Q: My cousin is married but has been separated for more than 10 years. They didn't divorce due to her being able to stay on his health insurance. Her husband is a big spender and if he should pass away, could she be liable for the balance on his credit card? It is not a joint account. — Pat, via e-mail
A: The fact that your cousin is separated in most situations is of no moment, she and her husband are still married! If he passes away and leaves a large credit card balance is not unusual. If there are assets in his estate, those assets would have to be used to settle the account. If there is no estate, your cousin has no obligation to acquire those debts since she is not on the credit account. If there are others on any of his accounts, they may have obligations. It would seem to me that your cousin is completely safe.

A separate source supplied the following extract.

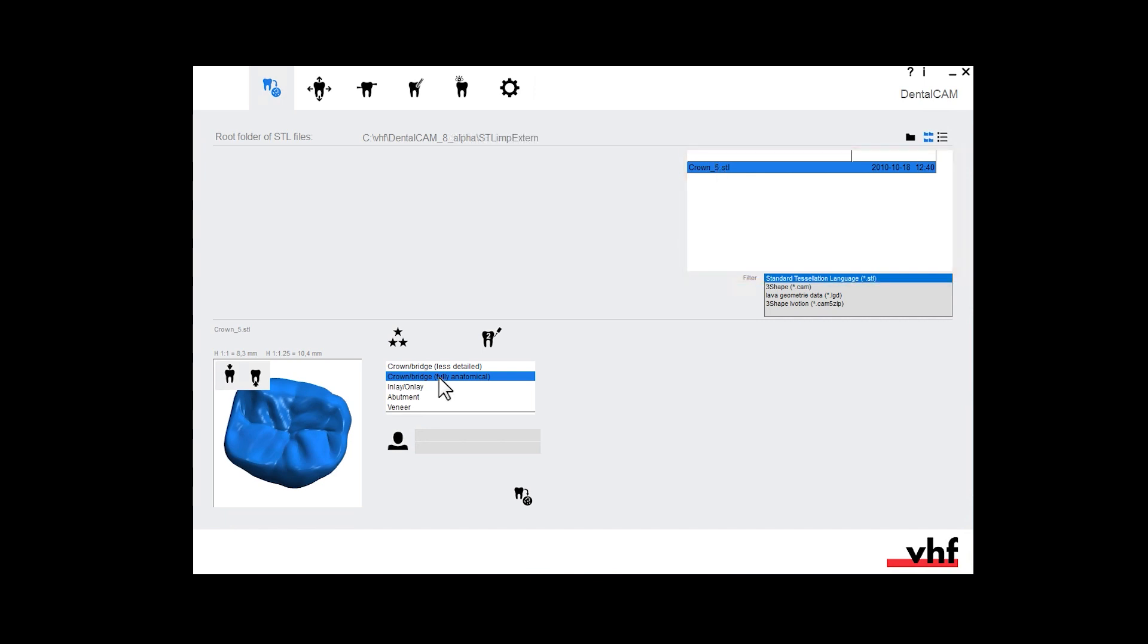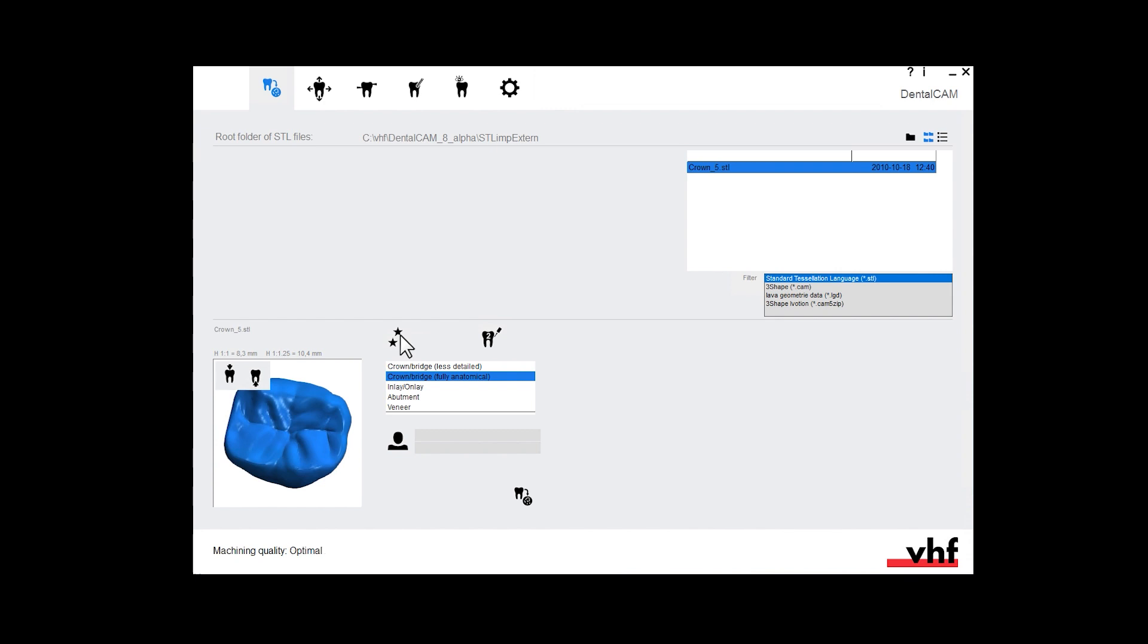Specify the calculation options. First, select the indication from the list. In this case the object is a crown, so we select the entry crown bridge fully anatomical. Then select the machining quality by cycling through the icons. A higher machining quality results in finer outer surfaces but also in a higher machining time. Optionally, you can enter patient information into these two input fields. Add the object to the job.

Q: We have a simple IRA with our employer. We have had it since 2005. Our broker invested us in a variable annuity. Is this a good idea? If not, how do we get out of it without being penalized? Where is a good place to put it? Any help would be appreciated! — E.B., via e-mail
A: There are no simple answers to your question. The fact that you had the variable annuity for six years tells me that the likelihood is that there will be little or no penalty if you wish to invest elsewhere. While I am not a particular fan of Variable Annuities, there are circumstances where they serve a purpose. You haven't indicated your age, amount of monies that are in the IRA, etc. Without these specifics, any advice that you would be given would be shaky. If you would drop me another note, simply telling me your ages, your tolerance for risk and when you intend to retire, I will be able to comment.